__Instructions for the task__
Every line from the one with "New 2026 Honda Odyssey Touring image 24" up to and including the one with "Bathroom in The Pilsley Inn - Chatsworth" is to be output exactly as it appears below; pictures are not.

__Input records__
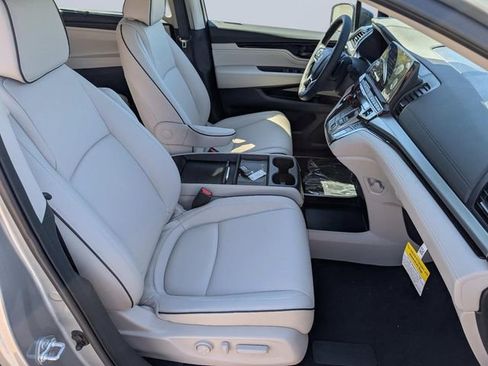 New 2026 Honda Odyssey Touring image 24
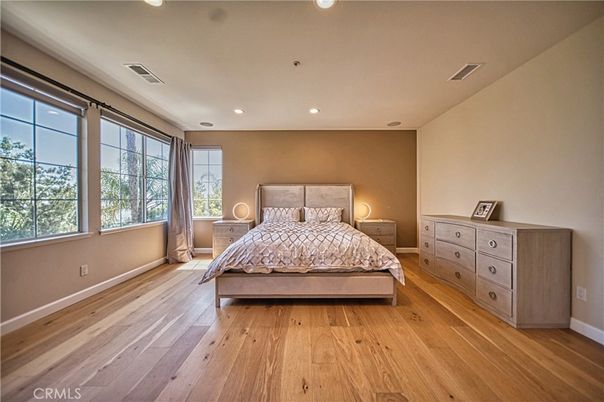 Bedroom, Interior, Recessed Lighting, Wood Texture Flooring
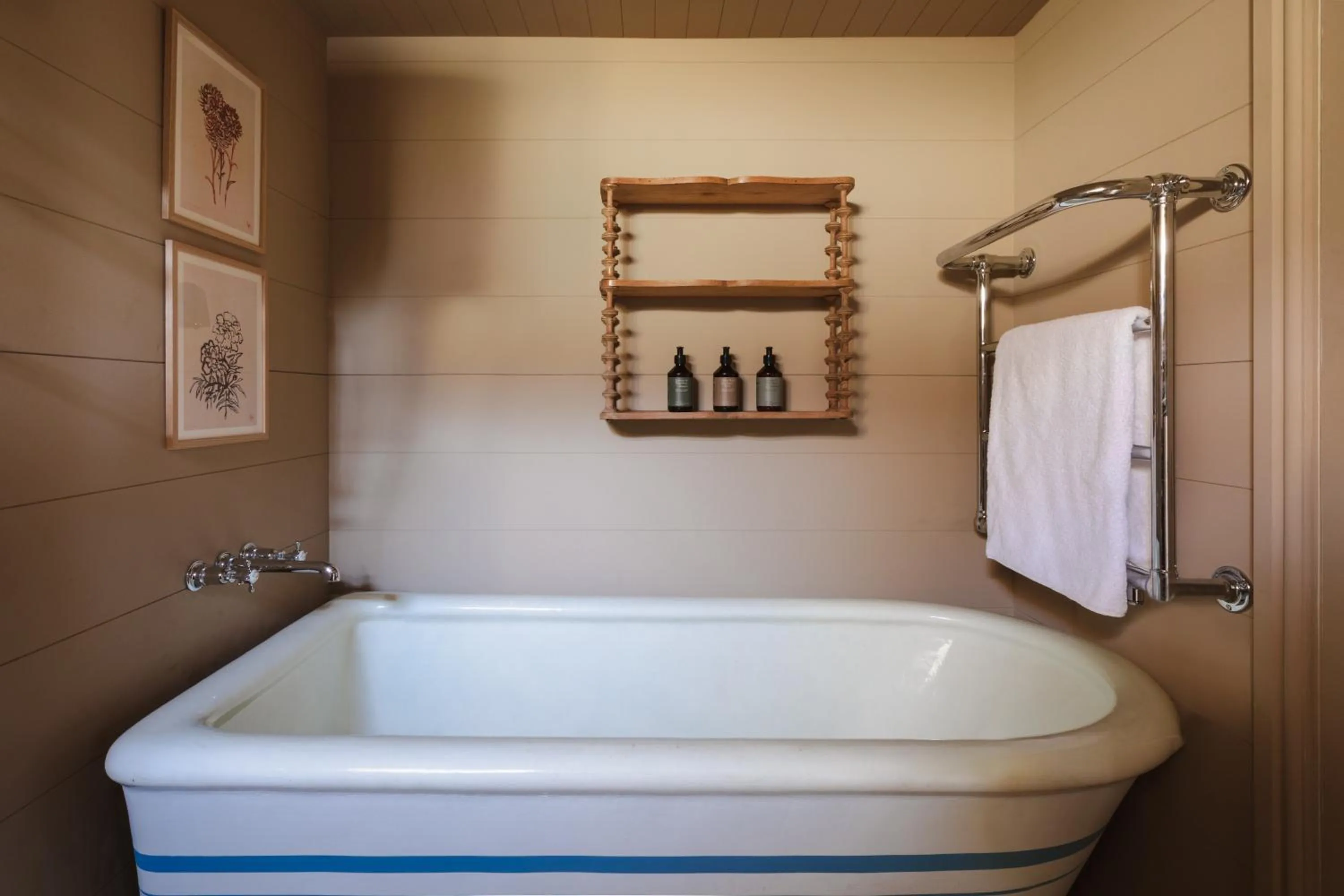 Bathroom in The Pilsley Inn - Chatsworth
---
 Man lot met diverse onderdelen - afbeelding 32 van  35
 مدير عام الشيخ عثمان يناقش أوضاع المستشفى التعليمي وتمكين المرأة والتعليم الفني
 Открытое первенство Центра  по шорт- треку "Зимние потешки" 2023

__Expected output__
 New 2026 Honda Odyssey Touring image 24
 Bedroom, Interior, Recessed Lighting, Wood Texture Flooring
 Bathroom in The Pilsley Inn - Chatsworth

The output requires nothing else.